Pour tenter de dénouer la situation, une commission tripartite composée de la mairie, du conseil d’administration de l’hôpital et du commissariat à la Santé a rencontré hier, lundi 14 septembre, les principaux chefs du mouvement. Selon un des grévistes, Jack Miradji, les deux parties pourraient «bientôt» parvenir à un compromis. «Il a été convenu le paiement d’ici à trois jours de deux mois de salaires avant toute reprise du travail», a-t-il déclaré à Al-watwan.

Le directeur de cabinet du commissaire à la Santé de l’île de Ngazidja, Bacar Soilih, dit espérer qu’au vu des discussions déjà engagées, les choses vont rentrer dans l’ordre incessamment.

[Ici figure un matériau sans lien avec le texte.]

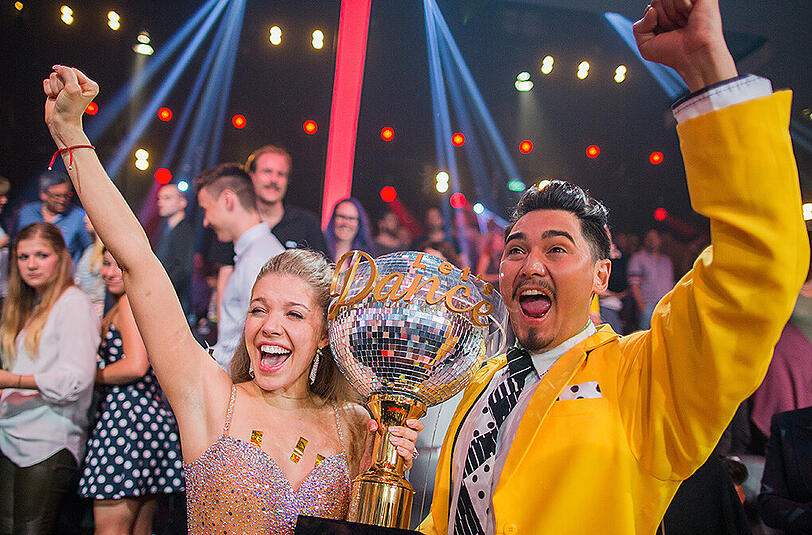 Riesen-Freude bei Victoria Swarovski und Profitänzer Erich Klann. Das Tanzpaar hat das Finale der RTL-Sendung "Let's Dance" für sich entschieden.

«Tout le monde a pris ce problème à bras-le-corps, particulièrement les maires de la région. Ils ont pris acte des doléances exprimées par les contractuels. La mise en place de cette commission témoigne de notre volonté de parvenir à une solution durable», a-t-il dit.

Bien que les contractuels aient décidé de suspendre le service minimum, le patron de l’hôpital, Ahmed Abdou Halidi, compte «faire fonctionner normalement ce centre». «Les fonctionnaires vont le faire et les portes de l’hôpital seront ouvertes comme d’habitude», assure-t-il.